Kabar perumahan murah bersubsisi berlabel subsidi pemerintahan Joko Widodo ini diberitahu oleh saudarannya dengan harga cash Rp140 juta, untuk tipe 27/84 dengan cicilan Rp900 ribu.
"Saudara juga mengambil rumah di sana. Saya masuk booking Rp2,5 juta terus DP Rp 17 juta," katannya.
Lima tahun berjalan, kata Yus, dia belum mendapat kabar proses selanjutnya. Bahkan hanya selalu dijanjikan akad.
"Jadi belum akad sampai sekarang. Kemarin malah minta dibayarin uang hook 24 juta untuk 12 meter. Saya tidak mau bayar karena sebelum ada keputusan tanah ini benar milik siapa, kalau benar kepemilikannya, sudah akad, saya baru mau bayar," imbuh Yus.
Banyak prosedur pembiayaan yang ganjil, menurut Yus, pihak developer sempat menjanjikan surat dan IMB akan menyusul. Namun setelah dia dan istrinya mencari tahu baru-baru ini ternyata perumahan tersebut bermasalah.

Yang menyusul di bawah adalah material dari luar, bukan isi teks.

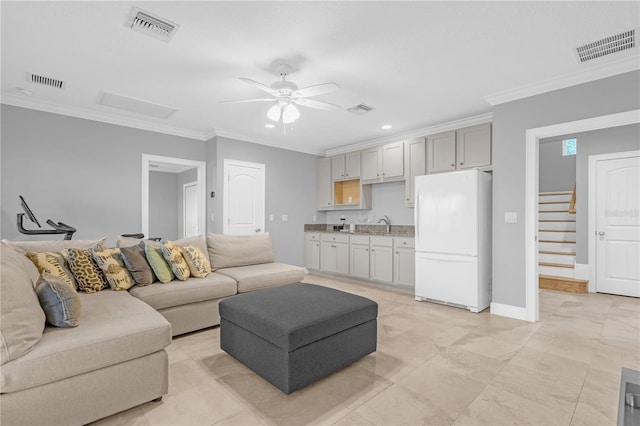 tiled living room featuring sink, crown molding, and ceiling fan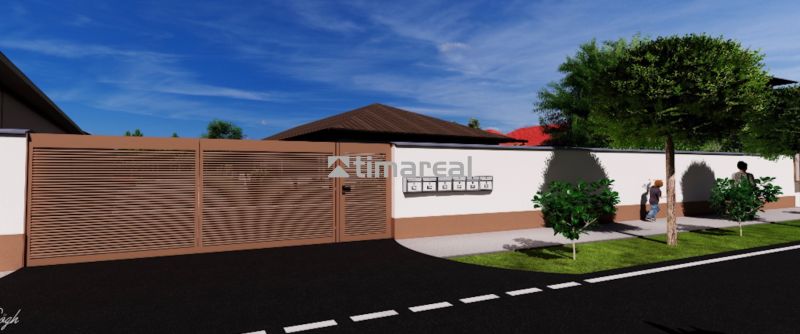 * novostavba moderného 3i domu, Vlčany, centrum - Brána a plot rodinného domu na Hlavnej ulici vo Vlčanoch, lemované stromami a chodníkom.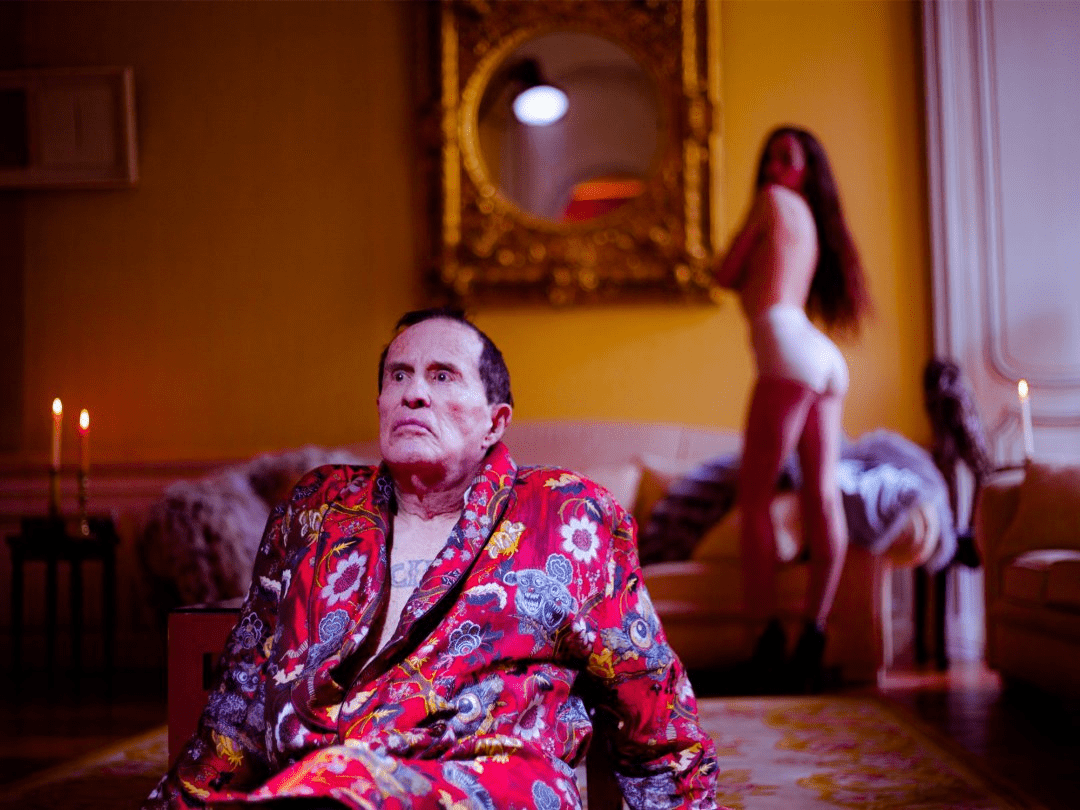 El director posa con un batín muy llamativo y una modelo desnuda y un sofá al fondo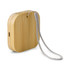 A bamboo wireless charger with a silver strap, featuring a sleek, rounded design and a charging port.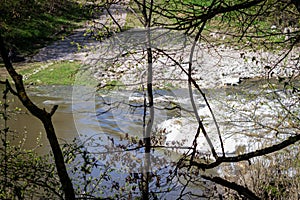 Strong river current, splash of water, waves and large stones.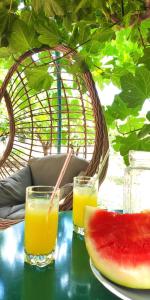 a table with two glasses of orange juice and a slice of watermelon at Garden house escape in Amarynthos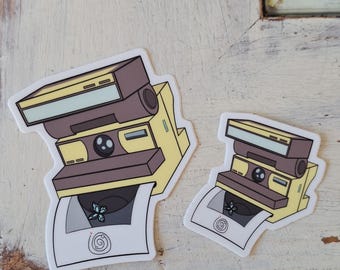 May include: Two stickers of a vintage Polaroid camera in yellow and brown. The camera is depicted with a photo being ejected, featuring a floral design and a spiral. The stickers have a white border.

"Awalnya kita tidak tahu, tetapi setelah ini kami tahu. Ya mereka maunya proses biaya ya cara dia saja, mau bagaimana lagi, kami dirugikan, kami ingin uang dikembalikan dari pihak GCC," katanya.
Yus menambahkan, banyak konsumen yang senasib dengannya, bahkan sebagian sudah menempati rumah.
Sang Istri Tri Armida Siregar, mengaku selama ini keluargannya mengontrak sembark menunggu kabar dari GCC. Namun harapannya pupus setelah rumah impiannya akan segera dieksekusi.
"Kami waktu itu mau karena saking butuh rumah, selama ini kami mengontrak. Sekarang saya minta kembalikan karena suami saya sudah tidak kerja tetap, minta kembali uang. Kita sudah tidak punya gaji tetap," katanya.